Nos dias 1 e 2 de junho realizou-se algures no ciberespaço a assembleia digital, organizada pela presidência portuguesa, que aprovou uma declaração sobre a democracia digital. O maior problema é o menos falado: a transição digital sem democracia e liberdade é o “caminho da servidão” na era do “capitalismo de vigilância”, na expressão da professora de Harvard, Shoshana Zuboff. (José Magalhães)

As grandes plataformas digitais não são a sonhada praça pública do século XXI, gratuita, livre e pluralista. Oferecem a milhões de seres humanos informação, divertimento, emoções sortidas e chamadas sem custos, mas são espaços privados e visam o lucro. Sugam dados pessoais, que através de uma formidável engenharia algorítmica revelam tudo sobre nós.

Com esses dados é possível bombardear cidadãos com mensagens personalizadas, comerciais e políticas, feitas “à medida dos likes”. O maná tem preço e vai direito aos cofres dos grandes operadores, demolindo o modelo de negócio das entidades reguladas pelas velhas leis de imprensa.

Como se chegou a isto? Durante anos, os legisladores em ambos os lados do Atlântico fizeram vista grossa ao efeito disruptivo da transição digital na saúde da democracia e no seu pilar liberdade de imprensa.

Havia e há razões para o medo de legislar: pode ser impopular e exige pisar terreno digital, chinês para a geração que acha que TikTok é um relógio.

A verdade é dramática: perdeu-se a disposição de pagar a informação que se consome, há camadas inteiras da população em dieta mediática (geração M e os jovens zoomers), cresce a contestação ao imposto para financiar TV e rádios públicas sem público.

A declaração de lisboa sobre a democracia digital tem o mesmo código genético da carta portuguesa de direitos humanos na era digital aprovada por mais votos do que os necessários para fazer uma revisão constitucional e sem votos contra.

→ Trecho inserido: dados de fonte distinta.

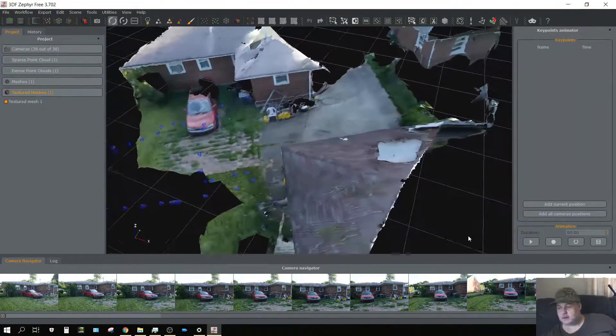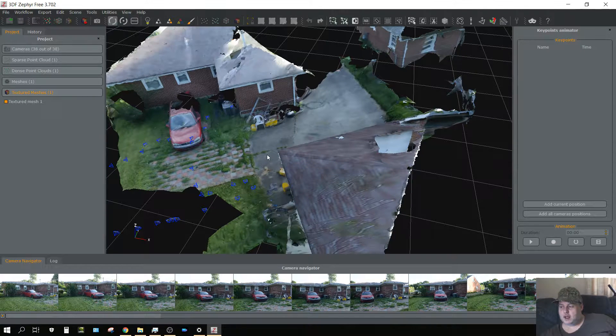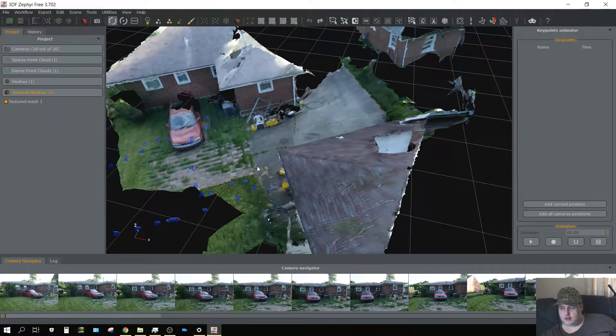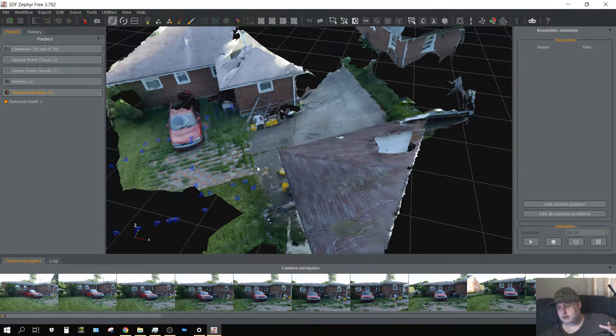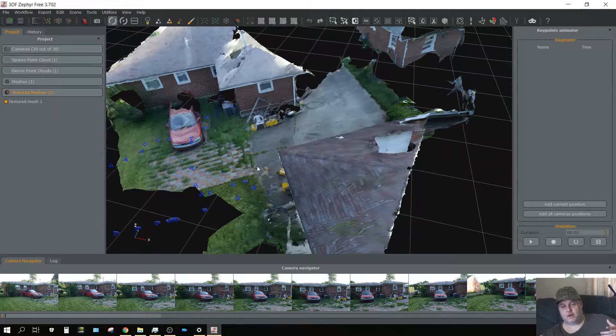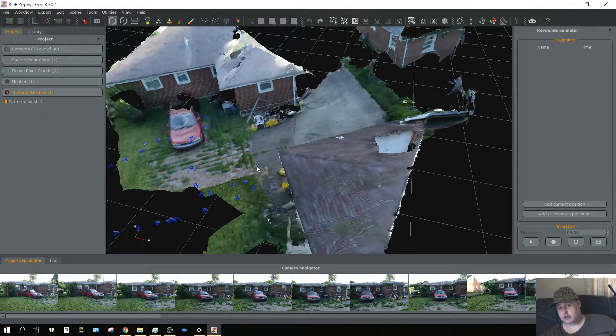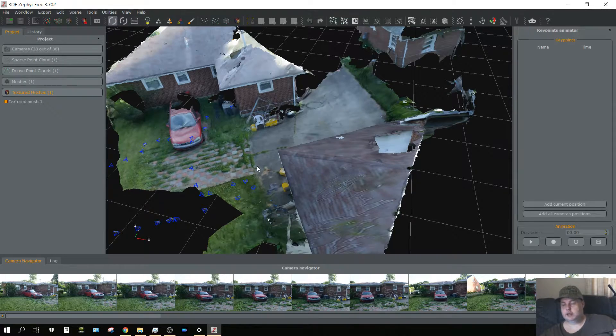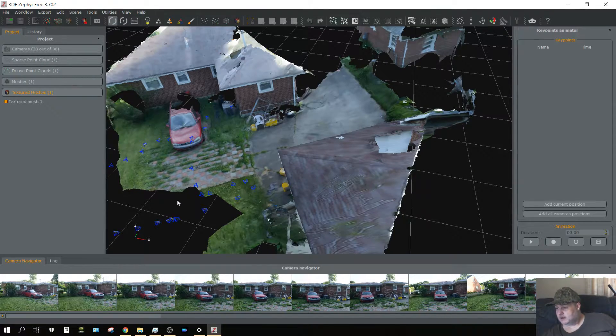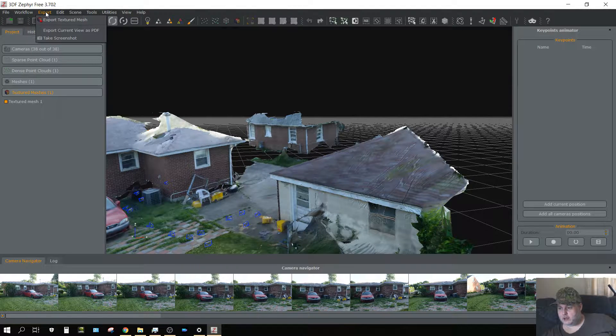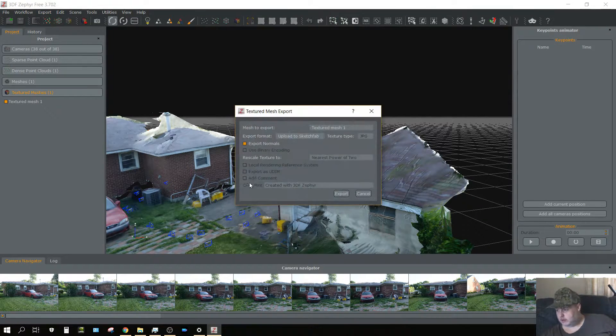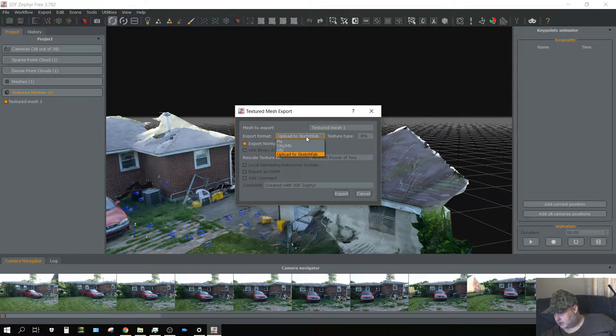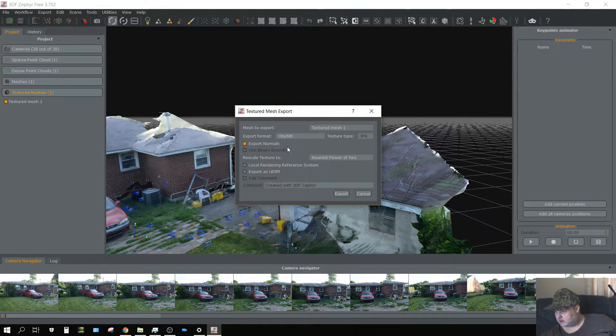That's not bad in my opinion. I bet you if I could capture my entire home, pretty much the entire yard, and do a fairly decent reproduction of it with about three or four hundred images. I tell you what, I'm going to go ahead and export this. Export textured mesh. I'm going to export it as an object.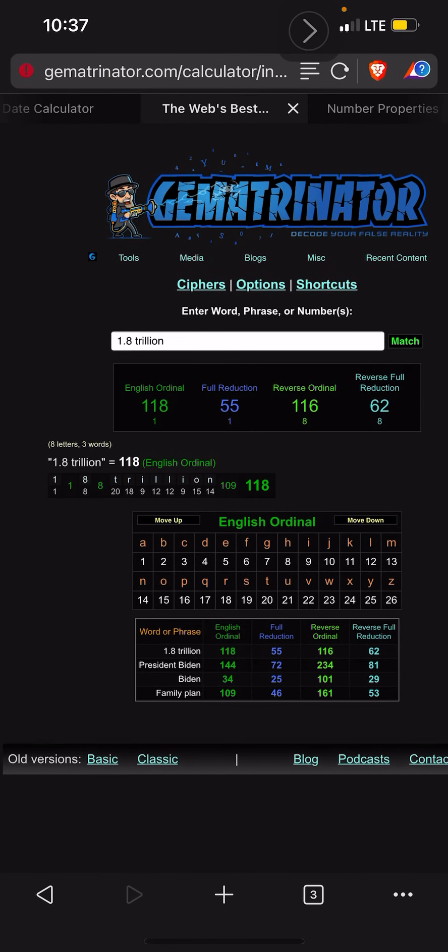118, 1.8 trillion on the 118th day of the year. All right guys, take it easy.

A Lei 27/2021, de 17 de maio, foi debatida, de porta aberta, durante mais de um ano, recebendo contribuições valiosas de muitas entidades.

Nenhuma norma da carta põe em causa a liberdade de expressão. Quem conseguiu a proeza de não topar (e denunciar) que o Parlamento se preparava para “restaurar a censura” treslê agora o artigo 6.º da lei que dá aos cidadãos o direito de se queixarem à ERC quando tropecem em fake news. Fingem ignorar que esse direito existe desde há anos quanto aos media tradicionais. Nada justifica que as fake news tenham imunidade e rédea solta.

Hannah Arendt explicou exemplarmente como as opiniões são informadas por factos ou pela sua negação propositada. A redes sociais do nosso tempo levam ao extremo a possibilidade prática de criar “factos alternativos”, vilificar a opinião científica e criar um mundo “pós-verdade”. Isso pode levar a um comportamento coletivo tipo “Maria vai com as outras”, assente no pressuposto de que se tantas pessoas acreditam numa narrativa (vg. “a ingestão de lixívia cura a covid-19”), então “essas muitas pessoas não podem estar erradas”.